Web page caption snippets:
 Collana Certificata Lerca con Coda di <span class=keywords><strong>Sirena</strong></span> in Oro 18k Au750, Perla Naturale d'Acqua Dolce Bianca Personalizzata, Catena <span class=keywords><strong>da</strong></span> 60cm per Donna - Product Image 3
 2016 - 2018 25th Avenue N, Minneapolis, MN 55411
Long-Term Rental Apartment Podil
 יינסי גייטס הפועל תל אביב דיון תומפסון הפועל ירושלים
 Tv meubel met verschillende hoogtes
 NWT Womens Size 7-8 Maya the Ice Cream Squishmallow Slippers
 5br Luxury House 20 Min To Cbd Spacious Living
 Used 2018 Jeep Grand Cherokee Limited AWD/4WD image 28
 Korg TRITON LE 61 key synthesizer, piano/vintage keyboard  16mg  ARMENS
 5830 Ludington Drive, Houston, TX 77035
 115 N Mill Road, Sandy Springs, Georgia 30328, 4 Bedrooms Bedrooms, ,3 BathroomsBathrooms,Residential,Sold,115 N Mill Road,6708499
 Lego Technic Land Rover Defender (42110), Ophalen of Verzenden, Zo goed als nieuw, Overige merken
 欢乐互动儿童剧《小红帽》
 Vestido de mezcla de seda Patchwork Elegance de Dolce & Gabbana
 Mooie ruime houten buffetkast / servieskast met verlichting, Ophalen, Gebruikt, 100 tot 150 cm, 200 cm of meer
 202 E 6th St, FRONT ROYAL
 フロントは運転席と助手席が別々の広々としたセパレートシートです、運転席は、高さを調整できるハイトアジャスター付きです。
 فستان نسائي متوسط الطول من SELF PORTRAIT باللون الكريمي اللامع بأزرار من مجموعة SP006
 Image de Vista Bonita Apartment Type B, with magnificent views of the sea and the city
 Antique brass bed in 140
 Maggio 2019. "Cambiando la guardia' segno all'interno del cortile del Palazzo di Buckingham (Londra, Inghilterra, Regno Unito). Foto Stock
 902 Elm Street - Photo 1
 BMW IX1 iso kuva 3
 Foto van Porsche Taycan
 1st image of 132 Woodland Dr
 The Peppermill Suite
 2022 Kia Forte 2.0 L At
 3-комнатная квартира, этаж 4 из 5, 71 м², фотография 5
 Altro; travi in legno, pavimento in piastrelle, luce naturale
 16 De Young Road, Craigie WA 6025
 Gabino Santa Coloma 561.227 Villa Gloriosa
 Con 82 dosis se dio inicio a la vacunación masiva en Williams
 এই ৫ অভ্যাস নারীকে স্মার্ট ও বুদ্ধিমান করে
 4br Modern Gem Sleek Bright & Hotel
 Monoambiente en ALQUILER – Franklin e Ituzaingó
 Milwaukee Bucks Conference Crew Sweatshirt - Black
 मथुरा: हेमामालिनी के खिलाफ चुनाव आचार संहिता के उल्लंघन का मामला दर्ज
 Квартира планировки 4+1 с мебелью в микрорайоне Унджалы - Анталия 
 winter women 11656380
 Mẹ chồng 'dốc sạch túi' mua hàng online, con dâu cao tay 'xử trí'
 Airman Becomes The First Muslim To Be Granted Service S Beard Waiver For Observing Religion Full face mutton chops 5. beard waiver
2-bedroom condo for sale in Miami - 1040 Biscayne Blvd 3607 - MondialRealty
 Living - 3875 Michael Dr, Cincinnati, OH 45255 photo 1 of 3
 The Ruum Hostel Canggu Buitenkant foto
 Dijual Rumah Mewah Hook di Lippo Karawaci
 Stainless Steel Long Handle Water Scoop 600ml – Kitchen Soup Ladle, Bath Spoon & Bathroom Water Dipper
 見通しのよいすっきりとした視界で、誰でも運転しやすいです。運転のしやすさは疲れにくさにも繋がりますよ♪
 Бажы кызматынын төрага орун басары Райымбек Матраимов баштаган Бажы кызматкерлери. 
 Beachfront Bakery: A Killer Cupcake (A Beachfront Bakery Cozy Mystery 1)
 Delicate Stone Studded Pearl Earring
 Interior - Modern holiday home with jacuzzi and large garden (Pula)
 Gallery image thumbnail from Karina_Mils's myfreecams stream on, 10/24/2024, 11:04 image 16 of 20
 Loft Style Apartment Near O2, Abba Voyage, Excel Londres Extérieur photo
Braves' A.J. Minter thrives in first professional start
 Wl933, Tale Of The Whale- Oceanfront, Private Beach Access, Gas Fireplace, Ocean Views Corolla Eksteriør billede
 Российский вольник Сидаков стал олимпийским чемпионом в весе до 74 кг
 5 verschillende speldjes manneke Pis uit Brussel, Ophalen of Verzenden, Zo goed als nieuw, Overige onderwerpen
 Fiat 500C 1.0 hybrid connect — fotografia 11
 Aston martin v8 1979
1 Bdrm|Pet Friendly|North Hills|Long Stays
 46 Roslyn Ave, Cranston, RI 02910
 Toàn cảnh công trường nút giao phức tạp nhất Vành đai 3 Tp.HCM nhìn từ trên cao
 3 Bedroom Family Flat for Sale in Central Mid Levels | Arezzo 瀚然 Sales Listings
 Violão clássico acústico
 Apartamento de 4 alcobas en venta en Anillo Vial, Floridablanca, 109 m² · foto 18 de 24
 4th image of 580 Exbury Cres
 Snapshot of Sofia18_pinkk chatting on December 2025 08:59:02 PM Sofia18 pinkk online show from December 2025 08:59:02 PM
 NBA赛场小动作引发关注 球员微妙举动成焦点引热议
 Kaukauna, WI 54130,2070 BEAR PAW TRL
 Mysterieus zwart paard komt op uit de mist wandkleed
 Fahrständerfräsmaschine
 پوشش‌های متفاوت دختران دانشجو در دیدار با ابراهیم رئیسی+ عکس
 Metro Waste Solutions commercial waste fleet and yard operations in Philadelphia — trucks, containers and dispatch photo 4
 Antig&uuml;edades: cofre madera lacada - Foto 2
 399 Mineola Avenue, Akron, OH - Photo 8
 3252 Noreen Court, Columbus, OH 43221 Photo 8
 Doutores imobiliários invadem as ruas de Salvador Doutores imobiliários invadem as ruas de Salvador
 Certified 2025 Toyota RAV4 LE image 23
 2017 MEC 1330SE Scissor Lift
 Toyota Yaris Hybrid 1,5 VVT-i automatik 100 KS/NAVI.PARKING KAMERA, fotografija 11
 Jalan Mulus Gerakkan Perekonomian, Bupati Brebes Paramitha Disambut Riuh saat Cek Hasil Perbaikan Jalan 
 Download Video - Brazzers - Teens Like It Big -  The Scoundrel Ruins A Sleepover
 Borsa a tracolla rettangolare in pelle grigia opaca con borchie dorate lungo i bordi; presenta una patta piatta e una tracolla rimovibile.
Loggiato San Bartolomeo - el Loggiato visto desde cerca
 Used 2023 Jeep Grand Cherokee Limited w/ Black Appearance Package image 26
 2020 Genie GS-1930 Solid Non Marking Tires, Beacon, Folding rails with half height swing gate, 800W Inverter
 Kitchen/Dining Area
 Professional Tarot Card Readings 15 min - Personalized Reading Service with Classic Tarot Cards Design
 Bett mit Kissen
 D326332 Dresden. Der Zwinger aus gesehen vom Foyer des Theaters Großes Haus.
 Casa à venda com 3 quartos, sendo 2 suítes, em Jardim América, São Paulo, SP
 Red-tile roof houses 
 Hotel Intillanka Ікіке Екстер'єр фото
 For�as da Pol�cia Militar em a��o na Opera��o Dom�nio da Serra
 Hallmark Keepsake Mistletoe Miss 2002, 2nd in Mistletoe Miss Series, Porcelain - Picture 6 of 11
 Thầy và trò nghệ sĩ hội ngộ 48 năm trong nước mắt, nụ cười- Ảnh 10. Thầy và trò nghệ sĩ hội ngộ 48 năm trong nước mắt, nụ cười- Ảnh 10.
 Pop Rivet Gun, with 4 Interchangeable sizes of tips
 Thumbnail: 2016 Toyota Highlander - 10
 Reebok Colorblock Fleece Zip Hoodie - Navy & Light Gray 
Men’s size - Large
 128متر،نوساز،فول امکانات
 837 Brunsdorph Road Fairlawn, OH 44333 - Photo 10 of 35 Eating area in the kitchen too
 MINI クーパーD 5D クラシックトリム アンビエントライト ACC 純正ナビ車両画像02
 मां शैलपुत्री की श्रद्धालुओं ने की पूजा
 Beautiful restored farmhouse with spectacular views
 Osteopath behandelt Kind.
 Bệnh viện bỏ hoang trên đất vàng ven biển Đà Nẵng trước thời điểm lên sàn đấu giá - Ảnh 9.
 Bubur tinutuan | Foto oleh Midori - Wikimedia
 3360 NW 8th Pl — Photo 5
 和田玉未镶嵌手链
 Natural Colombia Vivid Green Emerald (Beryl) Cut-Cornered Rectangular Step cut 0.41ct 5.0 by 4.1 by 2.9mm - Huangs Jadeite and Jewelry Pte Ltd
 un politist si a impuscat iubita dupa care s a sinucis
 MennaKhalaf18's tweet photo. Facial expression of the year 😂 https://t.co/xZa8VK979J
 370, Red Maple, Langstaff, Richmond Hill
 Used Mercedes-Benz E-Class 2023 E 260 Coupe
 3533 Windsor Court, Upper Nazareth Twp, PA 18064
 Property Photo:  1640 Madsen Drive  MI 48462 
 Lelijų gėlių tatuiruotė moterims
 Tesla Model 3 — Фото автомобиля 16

* WORK ITEM
Taking the line with "見通しのよいすっきりとした視" as the first and the line with "Interior - Modern" as the last, retype that stretch of the data above exactly, with no other lines.

* SOLVED PROBLEM
 見通しのよいすっきりとした視界で、誰でも運転しやすいです。運転のしやすさは疲れにくさにも繋がりますよ♪
 Бажы кызматынын төрага орун басары Райымбек Матраимов баштаган Бажы кызматкерлери. 
 Beachfront Bakery: A Killer Cupcake (A Beachfront Bakery Cozy Mystery 1)
 Delicate Stone Studded Pearl Earring
 Interior - Modern holiday home with jacuzzi and large garden (Pula)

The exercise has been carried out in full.